Gamerprinter, the antique feel was lost when I tried to add color to just a few buildings. I did add a key, though. It's not the direction I want to take for the finished product (it looks too busy, andI don't even like the font), but I hope it answers some of the questions about what I had in mind. 



The post that I just lost ended with "Damn! Am I long-winded or what?" To avoid that from happening again I'll cut this one sh-

----------


## Nytmare

This is coming along nicely.  I might have missed it, but what program(s) are you using?  There are probably a couple of easy ways to add nice subtle colors that keep that inked feel.

----------


## woekan

I like it, nice naming too!

----------


## Hoel

Love the layout of the city. Lots of rpg potential

----------


## Feralspirit

Started on paper, scanned at 200 dpi, now using GIMP and MSPaint. I would love to apply color gradient to denote elevation, green for undevoloped land, and a rich brown for animal enclosures, possible the road as well, as it is not developed. I am having difficulties with layer mask. Would like tree texture for the forrest, Frogwood. Also, the area north of the mill, just north of that pool is supposed to be a small swampy area, running north and west along the bank of the river (the idea being the ground there is just low enough to be regularly inundated by the river). Wondering if I can easily alter image properties to work at 600 dpi, and whether you guys think that would be a good or bad move. My key is too large, in my opinion, I merely wanted it to be easily readable. It should probably also have a border, and there should be a compass. 

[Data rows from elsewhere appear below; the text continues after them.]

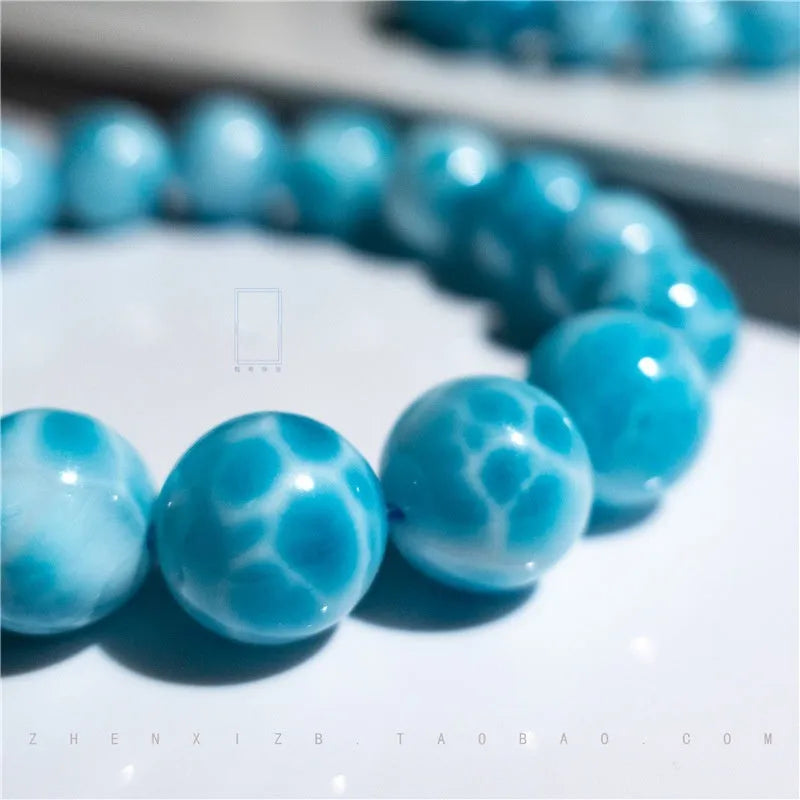 Handcrafted Bodhi bead bracelet with natural crystal sea-pattern stones and pearl accents in Maillard style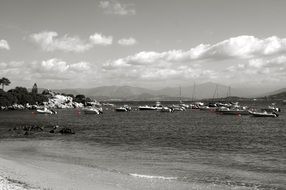 black and white photo of boats on the pier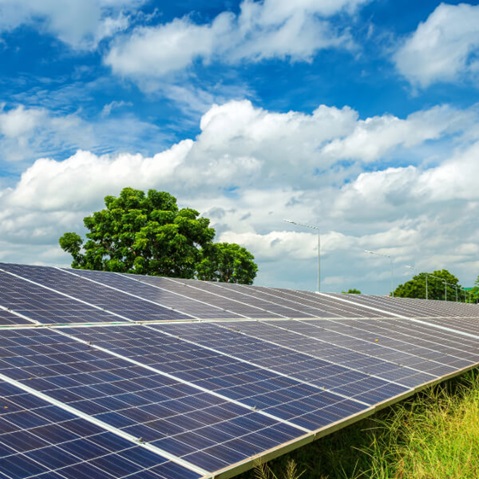 A solar panel array under a blue sky with scattered clouds and green trees nearby.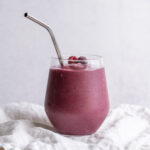 A mixed frozen fruit smoothie with a gorgeous purple color in a jar with a straw.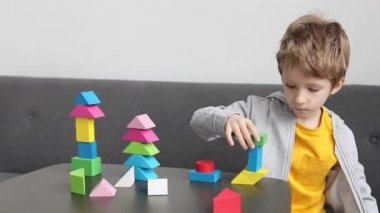 Evde ahşap bloklar inşa eden küçük bir çocuk, gelişim faaliyetlerinden zevk alıyor. Yavaş çekim görüntüleri.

Phew! Ok, I've realized I could go on, and on. Let's start slowly. I think I should begin by backing up to my 1st edit (losing the key) and apply roofs to the buildings that have them, my intention being to fill everything that I don't want the elevation gradient to be visible through. Do you guys think that would be better done at 600 dpi? Is there a way to alter image properties without printing and re-scanning? I think I need to track down CSUAC folder and browse through it for good roof texture.

----------


## jfrazierjr

> Started on paper, scanned at 200 dpi, now using GIMP and MSPaint. I would love to apply color gradient to denote elevation, green for undevoloped land, and a rich brown for animal enclosures, possible the road as well, as it is not developed. I am having difficulties with layer mask. Would like tree texture for the forrest, Frogwood. Also, the area north of the mill, just north of that pool is supposed to be a small swampy area, running north and west along the bank of the river (the idea being the ground there is just low enough to be regularly inundated by the river). Wondering if I can easily alter image properties to work at 600 dpi, and whether you guys think that would be a good or bad move. My key is too large, in my opinion, I merely wanted it to be easily readable. It should probably also have a border, and there should be a compass. 
> 
> Phew! Ok, I've realized I could go on, and on. Let's start slowly. I think I should begin by backing up to my 1st edit (losing the key) and apply roofs to the buildings that have them, my intention being to fill everything that I don't want the elevation gradient to be visible through. Do you guys think that would be better done at 600 dpi? Is there a way to alter image properties without printing and re-scanning? I think I need to track down CSUAC folder and browse through it for good roof texture.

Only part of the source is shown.